You Can’t See the Forest for the Trees

As the protection of Tasmania’s forests is called into question and the deforestation debate heats up, Luke Craven asks whether the corporate bottom line will always trump the bigger environmental picture.

In what is being called an unprecedented step, the Abbott Government recently announced that it will remove World Heritage protection from Tasmanian forests.  These actions are echoed in the developing world too, with governments, industry and environmentalists battling over how to protect – or whether to protect – forest areas.

What is missing from these debates is a discussion on the true value of forests. Maintaining forests is an essential component of any global emissions mitigation strategy.  And it is climate change that poses the greatest threat to the development of poor countries and households.  Our forests also provide goods and services that contribute to rural livelihoods, food security, and climate resilience.  Indeed, it has been said that forest management and conservation is central to the achievement of most of the Millennium Development Goals.

Yet despite decades of international cooperation to control deforestation, forest loss continues at a rapid rate, driven in large part by the consumption patterns and policies in rich countries.

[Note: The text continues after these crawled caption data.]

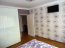 Продам трехкомнатную квартиру - ул. Tomsona iela 33, Рига (3949-586) | Dom2000.com #23114917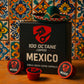 Mexico Coffee Pods (12-count)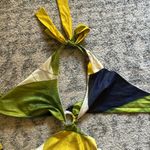 FARAI LONDON MINI DRESS Size XS Photo 1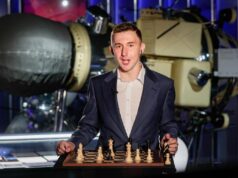 ŠAMPION OSUĐEN NA DEVET GODINA ROBIJE: Neverovatna vest dolazi iz Ukrajine! ŠAMPION OSUĐEN NA DEVET GODINA ROBIJE: Neverovatna vest dolazi iz Ukrajine!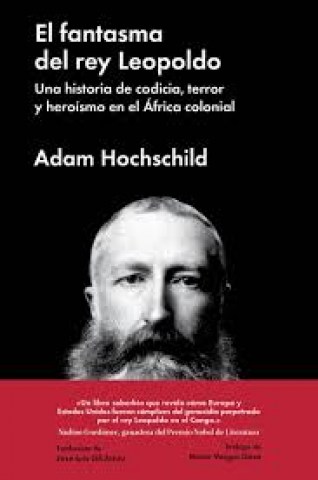 El-Fantasmal-rey-Leopoldo-9788416665303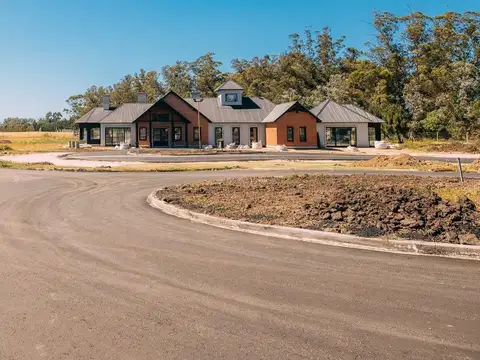 Terreno en Venta en Casonas Del Haras, USD 81.900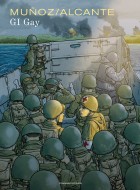 Gi-gay-stripweb-cover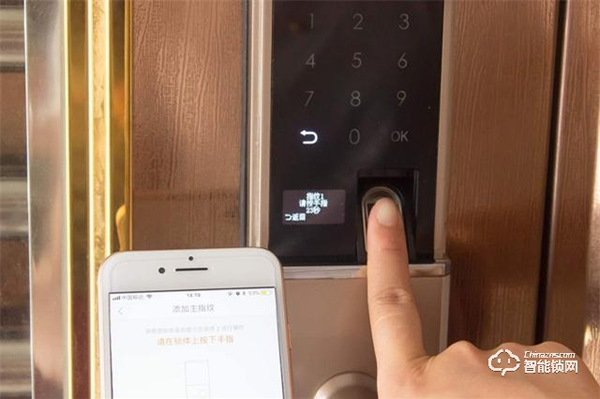 智能門鎖怎么選？別聽(tīng)導(dǎo)購(gòu)忽悠，關(guān)注這幾個(gè)方面就夠了！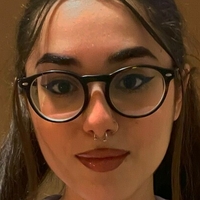 medusatemptationvip Çıplak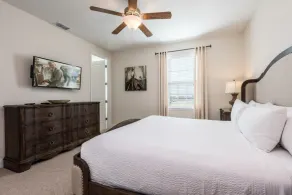 8 Bedroom Encore Home With Private Pool - Rom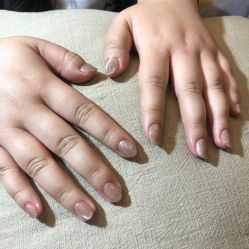 点击看大图 -LILY NAILS美甲美睫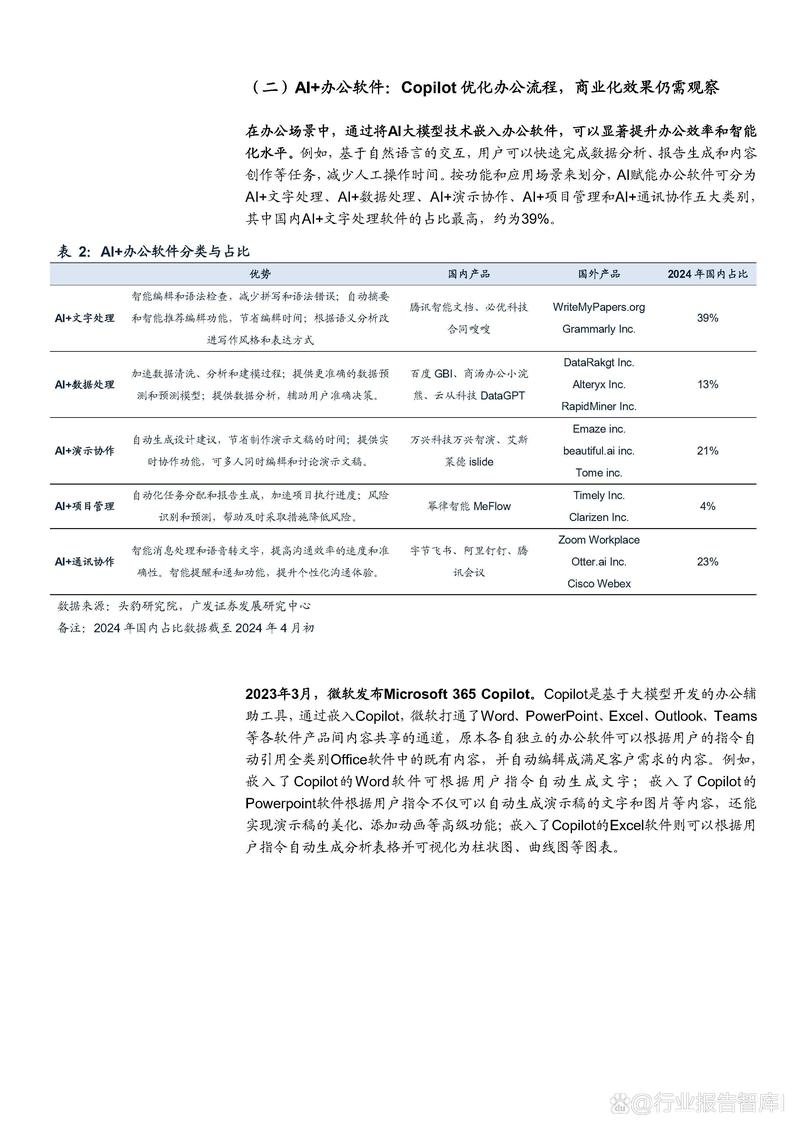 容易发表的体育类期刊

Ironically, richer countries like Australia work to prevent deforestation in Indonesia, while promoting the unsustainable forestry practice and consumption at home.

So how do we reduce the rate of deforestation in developing countries? We could begin by increasing the proportion of forests with formal protection, removing subsidies that incentivize forest conversion, and giving greater recognition to indigenous and customary forest management systems.   The problem with these approaches is that while it continues to be profitable for people to engage in deforestation, they will. The ability of developing governments to police illegal forest conversion is often nonexistent.  It is estimated that between 40 and 60 percent of timber production in Indonesia stems from illegal logging.  These practices will continue unless developing countries can drastically reform the way they enforce forestry protection measures.

Part of the burden must also fall to the West to curb consumption patterns that promote forest loss in developing countries.  The power lies in the hands of the richer countries to introduce market-based incentives for removing deforestation from global commodity supply chains.  This can take many forms.  The UK Government’s buying standards are one example of practical action, but one that is yet to be replicated elsewhere.  Steps can also be taken to remove subsidies for unsustainable biofuels.  These actions are urgent, affordable, and politically feasible. They constitute a bridge to a future global climate agreement that includes forests.

The question we must ask is whether these public sector initiatives will have a significant impact on reducing deforestation.  Without a similar commitment from the private sector, this seems unlikely.  Those that control our supply chains must take responsibility for our supply chains.  It is corporate social responsibility that offers the greatest opportunity to reduce the demand driven causes of global deforestation.

It is companies like Unilever, the third-largest consumer goods company, that may be taking steps in the right direction. CEO Paul Polman has been awarded the 2013 Commitment to Development Ideas in Action for global leadership in efforts to reduce tropical deforestation. In addition, Mr Polman leads the Consumer Goods Forum. This global network of industry leaders joined with the US Government in 2012 to establish the Tropical Forest Alliance; an effort to end tropical deforestation associated with the production of global agricultural commodities by 2020.

Whilst these are positive developments, at the end of the day stopping deforestation will depend on strengthened law, increased regulation, and genuine enforcement in producer countries.  As long as there are markets that are insensitive to the adverse environmental impacts of deforestation then there will be individuals and corporations willing to supply those markets. This exploitation comes at the expense of local people, forests and the global climate and we cannot allow it to continue.

Luke Craven (@LukeCraven) is a current PhD candidate at the University of Sydney in the Department of Government and International Relations. His research is broadly concerned with migration, food systems, sustainability, and the connections between them.